1. At a Glance – Blink and You’ll Miss the Red Flags (and the Growth)
₹738 Cr market cap. ₹289 stock price. Down ~48% in one year. Quarterly revenue ₹104 Cr. Quarterly PAT ₹7.78 Cr. OPM flirting with 20%. Sounds sexy? Wait.
Veefin is that company which banks love, markets hate, and promoters have mortgaged like a Gujarati uncle funding three weddings at once. It sits at the intersection of transaction banking, supply chain finance, LOS/LMS, and a government-backed digital marketplace (PSB Xchange). Basically, if money moves between a bank, a corporate, and an MSME — Veefin wants a toll booth there.

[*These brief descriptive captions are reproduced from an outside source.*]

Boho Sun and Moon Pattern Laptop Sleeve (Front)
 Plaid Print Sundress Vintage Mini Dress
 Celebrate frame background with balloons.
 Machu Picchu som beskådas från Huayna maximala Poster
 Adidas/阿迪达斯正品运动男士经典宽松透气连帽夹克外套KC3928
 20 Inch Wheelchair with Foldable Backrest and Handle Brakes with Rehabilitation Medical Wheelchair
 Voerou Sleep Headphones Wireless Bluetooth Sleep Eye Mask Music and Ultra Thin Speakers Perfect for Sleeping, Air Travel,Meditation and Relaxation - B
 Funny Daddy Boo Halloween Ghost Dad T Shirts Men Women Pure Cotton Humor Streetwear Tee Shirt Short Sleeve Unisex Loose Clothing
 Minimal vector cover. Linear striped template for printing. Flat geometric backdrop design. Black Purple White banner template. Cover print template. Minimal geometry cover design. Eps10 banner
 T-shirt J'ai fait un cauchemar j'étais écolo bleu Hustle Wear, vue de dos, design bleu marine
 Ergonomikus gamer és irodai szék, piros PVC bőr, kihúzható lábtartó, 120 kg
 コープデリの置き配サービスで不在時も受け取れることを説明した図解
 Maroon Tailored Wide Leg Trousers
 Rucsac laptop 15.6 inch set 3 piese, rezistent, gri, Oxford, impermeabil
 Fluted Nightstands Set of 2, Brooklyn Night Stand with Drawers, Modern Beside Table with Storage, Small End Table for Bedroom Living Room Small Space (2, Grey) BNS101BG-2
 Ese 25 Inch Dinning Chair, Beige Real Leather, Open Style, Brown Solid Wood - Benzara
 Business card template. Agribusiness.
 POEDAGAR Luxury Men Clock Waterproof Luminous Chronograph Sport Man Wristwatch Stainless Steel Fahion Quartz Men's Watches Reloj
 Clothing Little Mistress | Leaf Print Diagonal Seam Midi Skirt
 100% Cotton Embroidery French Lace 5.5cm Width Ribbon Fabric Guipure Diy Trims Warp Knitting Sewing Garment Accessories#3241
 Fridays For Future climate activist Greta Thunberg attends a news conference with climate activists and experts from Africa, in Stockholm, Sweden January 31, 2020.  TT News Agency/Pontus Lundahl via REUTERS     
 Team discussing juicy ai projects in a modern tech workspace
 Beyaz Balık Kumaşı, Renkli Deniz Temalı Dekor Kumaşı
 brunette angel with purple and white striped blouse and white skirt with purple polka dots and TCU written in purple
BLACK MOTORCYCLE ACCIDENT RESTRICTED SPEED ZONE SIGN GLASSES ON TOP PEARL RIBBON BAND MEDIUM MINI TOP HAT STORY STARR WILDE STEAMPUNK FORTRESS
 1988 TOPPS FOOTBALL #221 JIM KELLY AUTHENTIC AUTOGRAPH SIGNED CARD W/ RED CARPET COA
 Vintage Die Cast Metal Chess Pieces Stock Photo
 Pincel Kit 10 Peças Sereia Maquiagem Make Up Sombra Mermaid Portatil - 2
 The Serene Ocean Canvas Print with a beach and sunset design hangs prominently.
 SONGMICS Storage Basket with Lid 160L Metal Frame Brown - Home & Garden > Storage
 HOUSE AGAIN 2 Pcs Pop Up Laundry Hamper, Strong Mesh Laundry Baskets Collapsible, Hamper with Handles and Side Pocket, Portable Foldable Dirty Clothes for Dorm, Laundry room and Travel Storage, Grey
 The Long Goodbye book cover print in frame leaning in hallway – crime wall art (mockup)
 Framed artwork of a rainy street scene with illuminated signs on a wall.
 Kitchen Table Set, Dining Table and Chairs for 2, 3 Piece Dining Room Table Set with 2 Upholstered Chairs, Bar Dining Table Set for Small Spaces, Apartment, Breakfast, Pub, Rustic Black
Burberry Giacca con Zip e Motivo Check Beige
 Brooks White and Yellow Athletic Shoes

But the stock? It’s been punished like it leaked insider info (it didn’t). Price fell from ₹570 to ₹289, while sales grew 215% YoY and profits grew ~78%. Meanwhile, 66% of promoter holding is pledged, ROE is stuck at ~5–6%, and debtor days exploded to 231 days.
So what is Veefin?
- A misunderstood SaaS compounder?
- A services-heavy cash-flow nightmare?
- Or a fintech infra company early in its lifecycle but late in governance hygiene?
Let’s dissect. Slowly. With gloves. 🧤
2. Introduction – This Is Not a Bank, Not a NBFC, Not a Typical IT Company
Veefin is not lending money. It’s not taking credit risk. It’s selling software plumbing to people who do lend money. That’s important — because whenever fintech stocks fall, the first accusation is always: “Credit cycle kharab ho gaya hoga.”
Nope. Veefin doesn’t care if loans default — it just wants banks to process them faster, smarter, and digitally, and then send Veefin an invoice.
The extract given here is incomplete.